וְאֵינוֹ מֵבִיא קׇרְבַּן טוּמְאָה.
mais il n'apporte pas l'offrande pour impureté.
קׇרְבָּן הוּא דְּלָא מַיְיתֵי, אֲבָל נְזִירוּת חָיְילָא עֲלֵיהּ.
La Guemara commente : Des mots : Mais s'il devient impur, il n'apporte pas d'offrande pour l'impureté, on peut déduire que c'est l'offrande qu'il n'apporte pas. Cependant, toutes les interdictions du naziréat s'appliquent à lui, et il lui est interdit de devenir impur au contact d'un cadavre.
מַנִּי מַתְנִיתִין? לָא רַבִּי יְהוּדָה, וְלָא רַבִּי שִׁמְעוֹן. דְּתַנְיָא, רַבִּי יְהוּדָה אוֹמֵר: נְזִיר שִׁמְשׁוֹן — מוּתָּר לִיטַמֵּא לְמֵתִים, שֶׁכֵּן מָצִינוּ בְּשִׁמְשׁוֹן שֶׁנִּטְמָא. רַבִּי שִׁמְעוֹן אוֹמֵר: הָאוֹמֵר ״נְזִיר שִׁמְשׁוֹן״ — לֹא אָמַר כְּלוּם, שֶׁלֹּא מָצִינוּ בְּשִׁמְשׁוֹן שֶׁיָּצָאת נְזִירוּת מִפִּיו.

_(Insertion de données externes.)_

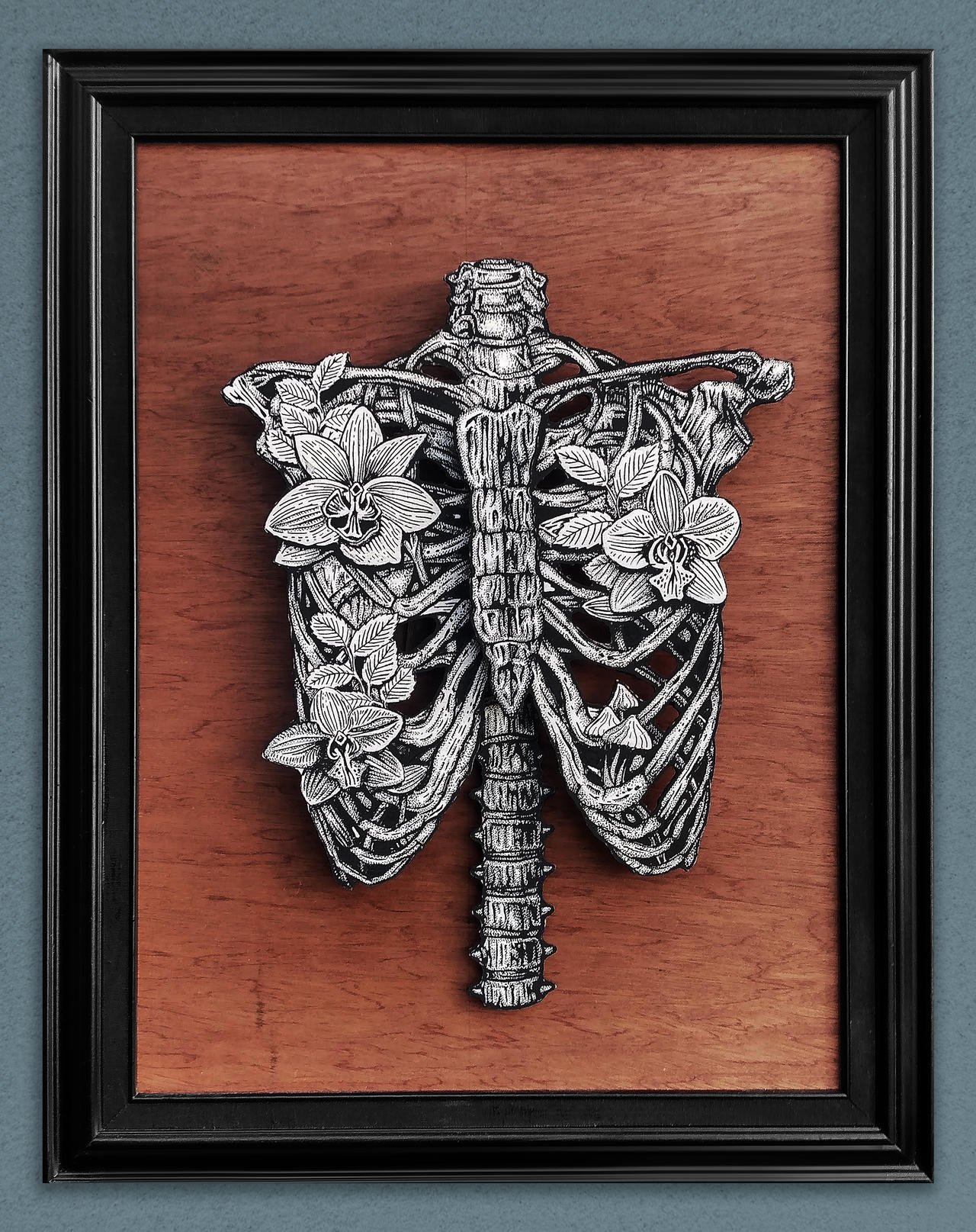 'Rebirth' Pen & Ink on Layered Wood, 18"x20"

Cela mène à la question suivante : l’opinion de qui est exprimée dans la michna ? Ce n’est pas l’opinion de Rabbi Yehouda ni l’opinion de Rabbi Shimon, comme cela est enseigné dans une baraita : Rabbi Yehouda dit : Un nazir comme Samson est autorisé à devenir impur au contact d’un cadavre ab initio, comme nous voyons chez Samson qu’il est devenu impur. Rabbi Shimon dit : Celui qui dit qu’il sera nazir comme Samson n’a rien dit, puisque nous ne trouvons pas chez Samson qu’une formulation de vœu de nazirat soit sortie de sa bouche. Samson n’a jamais fait le vœu d’être nazir. Il a reçu son statut des instructions de l’ange à sa mère (voir Juges 13:5). Par conséquent, Rabbi Shimon soutient que celui qui fait le vœu d’être nazir comme Samson n’est pas considéré comme ayant prononcé un vœu de nazirat.

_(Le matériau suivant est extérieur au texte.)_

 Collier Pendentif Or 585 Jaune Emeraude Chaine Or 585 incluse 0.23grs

מַנִּי? אִי רַבִּי יְהוּדָה — הָאָמַר אֲפִילּוּ לְכַתְּחִילָּה, וּמַתְנִיתִין קָתָנֵי ״אִם נִטְמָא״. אִי רַבִּי שִׁמְעוֹן — הָאָמַר לָא חָיְילָא עֲלֵיהּ נְזִירוּת כְּלָל!
La Guemara explique la question : de qui l’opinion est-elle exprimée dans la michna ? Si c’est l’opinion de Rabbi Yehouda, n’a-t-il pas dit qu’il est permis à un nazir de ce type de devenir impur au contact d’un cadavre même a priori, mais la michna enseigne : S’il devient impur, ce qui indique qu’il lui est interdit de le faire a priori ? Cependant, si vous dites que la michna suit l’opinion de Rabbi Shimon, n’a-t-il pas dit que le naziréat ne s’applique pas du tout à lui ?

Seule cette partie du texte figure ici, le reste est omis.